As shown in FIG. 9, each of the computing devices 802, 804, and 806 may include one or more processors, memory, data and instructions. Some or all of the computing devices 802, 804, and 806 may also include communication interfaces, output device(s), and/or input device(s).
The one or more processors may include one or more general-purpose processors, which may be processor(s) designed to perform a wide variety of tasks and/or processor(s) capable of running a broad range of applications and programs efficiently. Additionally or alternatively, the one or more processors may include one or more special-purpose processors, which may be processor(s) designed to perform specific tasks or functions with relatively high efficiency and/or processor(s) optimized for particular applications or workloads. By way of example, the one or more processors may include any number and/or combination of central processing units (CPUs), graphical processing units (GPUs), accelerated processing units (APUs), microcontrollers, neural processing units (NPUs), tensor processing units (TPUs), hardware accelerators, p-bit devices, application-specific integrated circuits (ASICs), field-programmable gate arrays (FPGAs), digital signal processors (DSPs), network processors, data processing units (DPUs), quantum processing units (QPUs), crypto-processors, programmable logic devices (PLDs), and/or any other hardware-based processor. References to a processor or processor(s) should be understood to include references to a single processor or a collection of processors that may or may not operate in parallel.

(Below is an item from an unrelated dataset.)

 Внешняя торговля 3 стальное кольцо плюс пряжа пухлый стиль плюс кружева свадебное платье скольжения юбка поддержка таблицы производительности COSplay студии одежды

The memory for each computing device stores information accessible by the one or more processors, including instructions and data that may be executed or otherwise used by the processor(s). The memory may be of any type capable of storing information accessible by the processor, including a computing device or computer-readable medium, or other medium that stores data that may be read with the aid of an electronic device, such as random access memory (RAM), read-only memory (ROM), non-volatile RAM (NVRAM), flash memory, solid-state storage, memory cards, magnetic disk storage mediums, optical storage mediums such as CDs and DVDs, as well as other write-capable and read-only memories. Systems and methods may include different combinations of the foregoing, whereby different portions of the instructions and data are stored on different types of media.
The instructions may be any set of instructions to be executed directly (such as machine code) or indirectly (such as scripts) by the processor. For example, the instructions may be stored as computing device code on the computing device-readable medium. In that regard, the terms “instructions” and “programs” may be used interchangeably herein. The instructions may be stored in object code format for direct processing by the processor, or in any other computing device language including scripts or collections of independent source code modules that are interpreted on demand or compiled in advance. The instructions may be stored in additional or alternative formats. The flows shown by FIG. 1, and the process shown by FIGS. 7 and 8, illustrate examples of algorithms that may be implemented according to such instructions or programs.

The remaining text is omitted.